By Peter Marks, The Washington Post
Published: June 12, 2016, 6:03am

Tonight, will Broadway’s runaway hit run the trophy table?

As far as musicals go, the real nail-biter at this year’s Tony Awards ceremony is not whether “Hamilton” wins a bunch of prizes. Because it will. The question is whether it wins them all.

Well, not all all, of course: It can’t grab a statuette for best revival or for best featured actor in a play. But it is possible that its 16 nominations, a record, could result in 13 Tonys — one more than reigning champ “The Producers,” which in 2001 scooped up 12 wins — including for best musical, the evening’s most coveted award.

And given the remarkable hoopla surrounding “Hamilton” — a level of public and media enthusiasm unlike anything I’ve witnessed in two decades of covering theater — wouldn’t a history-making sweep be a fitting capstone for a groundbreaking musical about the making of history?

I will be rooting for “Hamilton” to rack up the lucky 13, and not just because it makes a better story to write up in the press room of New York’s Beacon Theatre, the hall on Manhattan’s Upper West Side from which CBS will broadcast the three-hour proceedings, hosted by James Corden. No, it’s because “Hamilton” deserves them. It’s because the theater community needs to acknowledge with outsize emphasis what this work and its creator, Lin-Manuel Miranda, have done: made seeing this musical a national obsession, and musical theater a vital link, again, at last, in the American cultural chain.

What follows is a primer on the potential Tony night returns, for musicals and others, what to look for in key races, and how history may in fact be made.

The locks

Consider seven categories sewn up by the front-runner: best musical; best original score (Lin-Manuel Miranda); best book (Miranda, again); best direction of a musical (Thomas Kail); best performance by a featured actress in a musical (Ren?e Elise Goldsberry); best performance by a featured actor in a musical (Daveed Diggs, Jonathan Groff or Christopher Jackson) and best orchestrations (Alex Lacamoire).

The toss-ups

Four of the down-ballot races — the three visual-design categories and the award for best choreography — may swing to other shows.
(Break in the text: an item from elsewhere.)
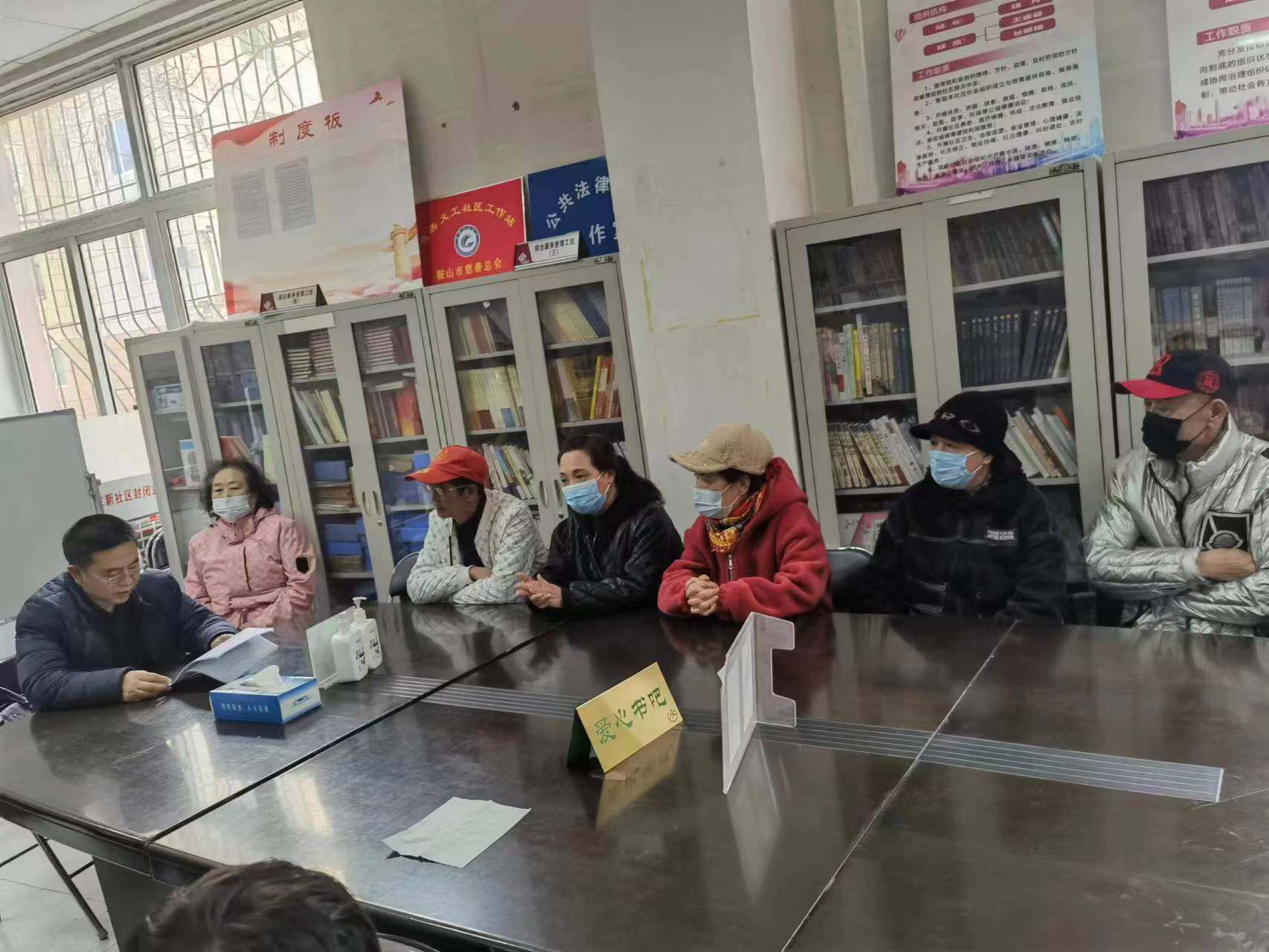 长甸街道组织开展形式多样的国家宪法日宣传活动。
One of the most hotly contested races is between Andy Blankenbuehler, who devised the sensational, almost continual movement in “Hamilton,” and Savion Glover, whose enchanting tap choreography is the most elevating element of director George C. Wolfe’s “Shuffle Along, or the Making of the Musical Sensation of 1921 and All That Followed.”

The costume designer par excellence for “Shuffle Along,” Ann Roth, could slip past the innovative Paul Tazewell of “Hamilton”; and the set and lighting designers of the satirical “American Psycho” might have been stronger contenders against “Hamilton” and “Shuffle Along” if the musical had not closed Sunday.

Miranda’s claim on a separate record — that is, to be the first person to win a best-actor Tony as well as the awards for book and score — is on the line in the category of best actor in a musical. Nominated for his portrayal of Alexander Hamilton, Miranda faces formidable competition from his buzz-attracting cast mate, Leslie Odom Jr., who portrays Aaron Burr. If the “Hamilton” vote ends up being split between them, the potential exists for another estimable candidate to glide in: the well-liked Danny Burstein, who should have won a Tony a few years back for his turn as Buddy in the most recent revival of “Follies” and could be honored this year for his endearingly human Tevye in the fine new revival of “Fiddler on the Roof.”

The spoiler

Were “Hamilton” to waltz away with the dozen trophies to be awarded in the categories above, it would still have to get past Cynthia Erivo to carry home the full basket of 13. Who is Cynthia Erivo, you ask? Well, if you have to, it means you haven’t seen or heard about her rafter-raising work as tragic-to-triumphant Celie in the revelatory Broadway revival of “The Color Purple.” By many accounts, the Tony for best actress in a musical is hers to lose.

Phillipa Soo, whose Eliza Schuyler in “Hamilton” radiates its own softer magnetism, gives Erivo a good fight. But even if the Tony voters are getting behind a “Hamilton” landslide, this is the contest that you would most expect to hold the musical back. And given the breathtaking size of Erivo’s performance, there’s absolutely no injustice in losing to her.

The new plays

This year there is an exceedingly interesting quartet of dramas nominated for best new play: “Eclipsed,” Danai Gurira’s story of women kept as concubines by a Liberian warlord; “The Father,” about the impact of Alzheimer’s on an elderly man, by France’s Florian Zeller; Stephen Karam’s family tragicomedy, “The Humans”; and Englishman Mike Bartlett’s ingenious “King Charles III,” a take in the style of Shakespeare on the succession to the British throne after Queen Elizabeth II.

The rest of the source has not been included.